Quedamos en silencio. Para quebrarlo le pregunto a la niña: “¿Qué hago?”     

La madre está ahí, ella me dice, mostrándome la Sala de Juegos que linda con la piscina. Voy a la Sala y, cuando entro, una señora cuarentona está jugando al snooker. Cuando me ve corre a mi encuentro y me abraza diciendo: “¡Querido doctor Rodrigué, cuantos años!    

La miro absorto.

¿No se recuerda de mí? 

No, no me recuerdo de ella. 

Su hijo, comienzo a decir… 

¿No se recuerda de él?  

No.  

Cómo? Si usted lo analizó. Era un caso de autismo. Usted publicó el caso de mi hijo Raulito. Su memoria está fallando, doctor. ¿Cómo es posible que no se recuerde de él?   

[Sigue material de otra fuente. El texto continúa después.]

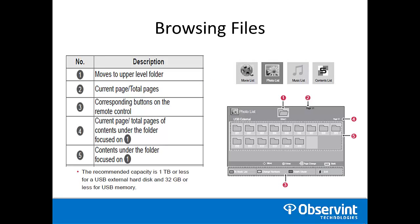Here's an example of browsing files. You have a movie list, photo, music, and contents list. Please note that the maximum capacity is one terabyte or less for USB external storage and 32 gigabytes or less for USB memory.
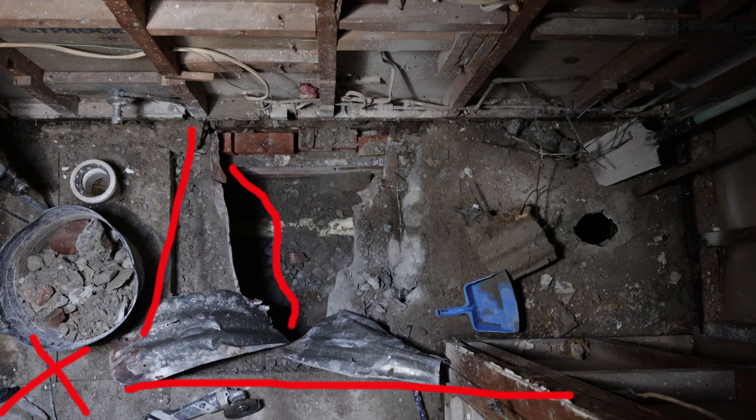I wanted that shadow there to highlight the fact that I'm actually underneath the floor. If I lit the scene from straight above, you'd have minimal shadow and it would be harder to understand that I'm under the floor. This did mean that the right-hand side of the scene was a little underexposed, but I was willing to accept that to get the exaggerated drop shadow.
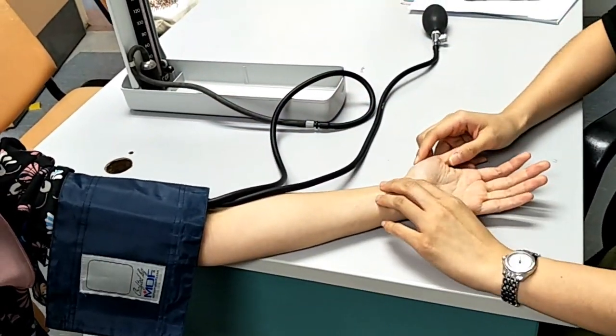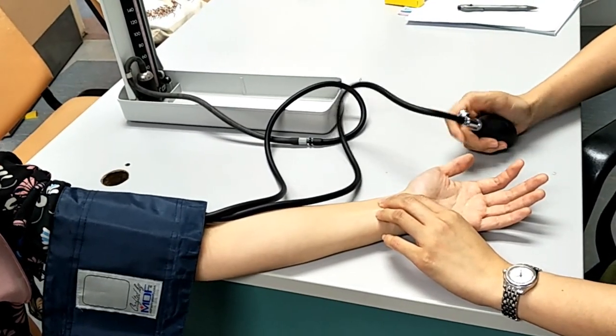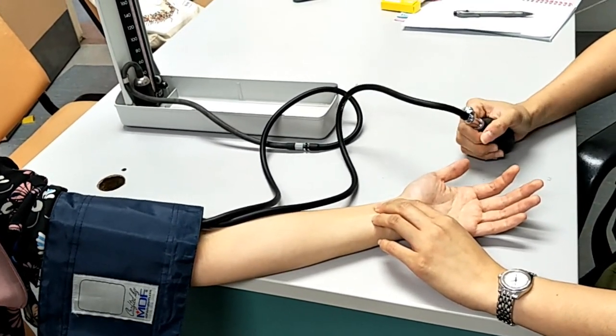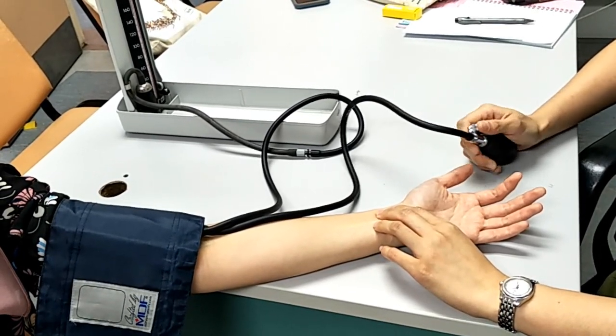Put two fingers on the wrist and feel for the radial pulse. Next, inflate the cuff until you could not feel the pulse anymore. That gives you an estimate of the systolic blood pressure. Once done, deflate the cuff.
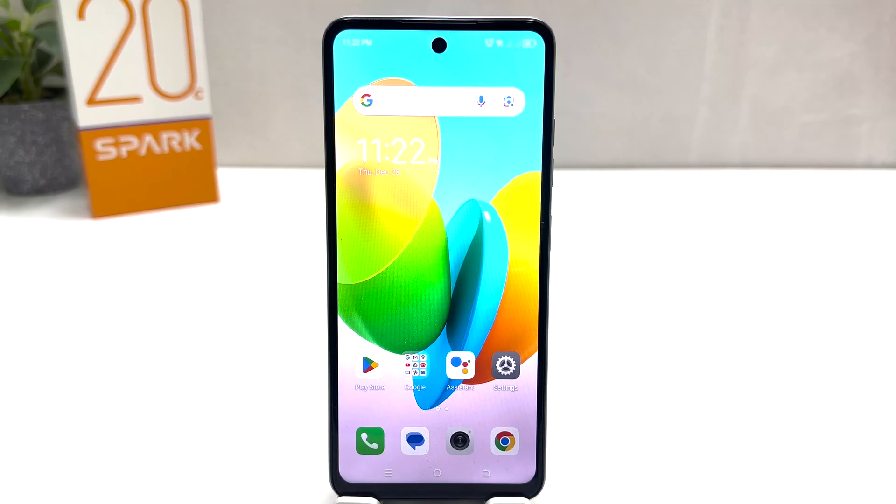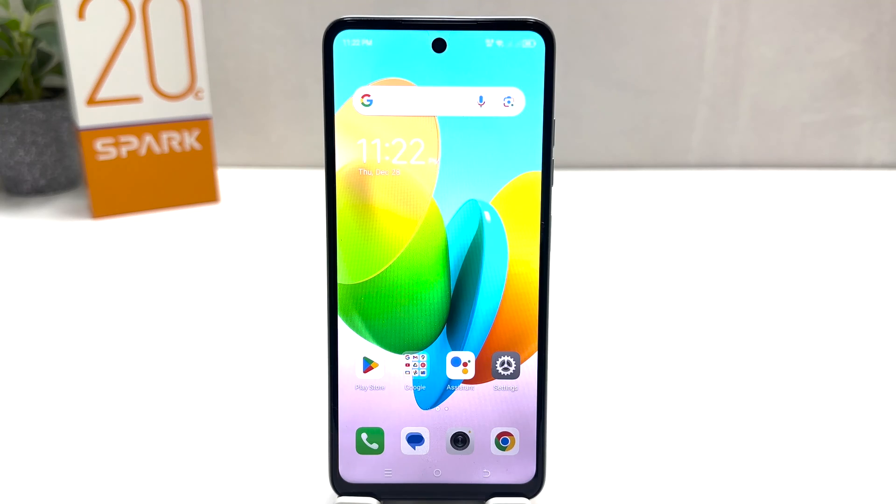Hello and welcome back to my another tutorial. In this tutorial I am going to share with you how to take a screenshot in your Tecno Spark 20C. You might have recently bought this Tecno Spark 20C and you are wondering how to take a screenshot. There are a couple of ways to take a screenshot.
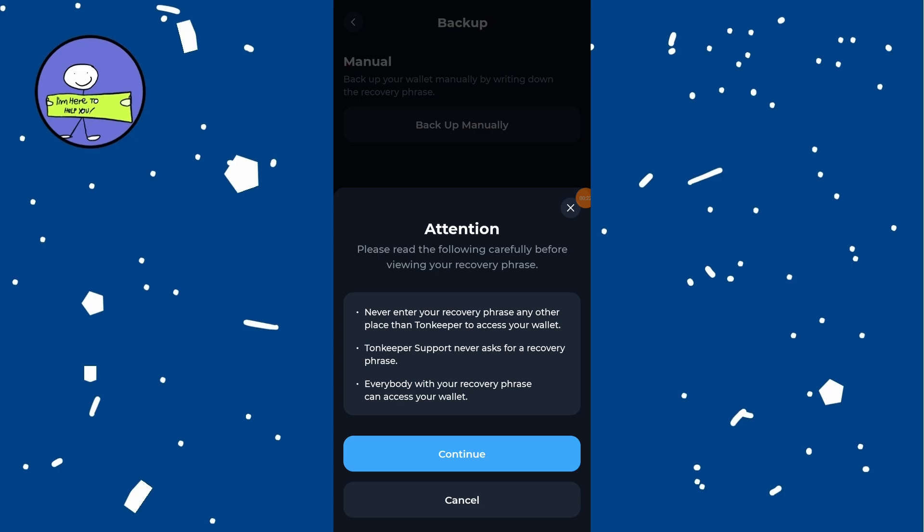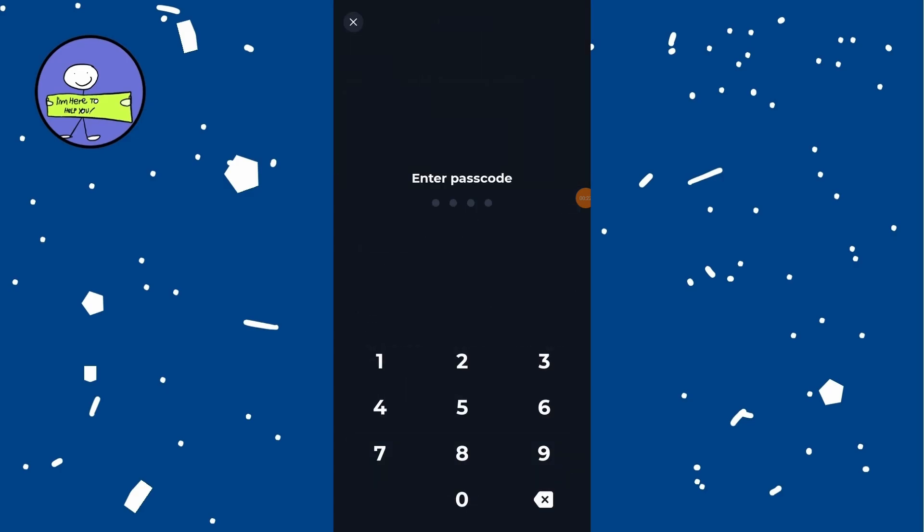After reading, tap on continue to proceed with the backup process. You will now see your 24-word recovery phrases displayed on screen. Manually write down each word of your recovery phrases on a piece of paper or in a secure location.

Autismo versus Alzheimer.    

Fin de la historia. Fábula sin moralejas, pero con resonancias. Una de ellas es las vueltas de la vida. Otra, soledad e ironía. Otra, la mamá de Raulito resultó ser sexy. Así hablaba El Solitario del Spaghetti casi Perdido.     

Conforme nos conta seu amigo Sergio Rodriguez, este foi o último conto de Emilio Rodrigué, falecido a 21 de fevereiro, com cerca de 85 anos de idade.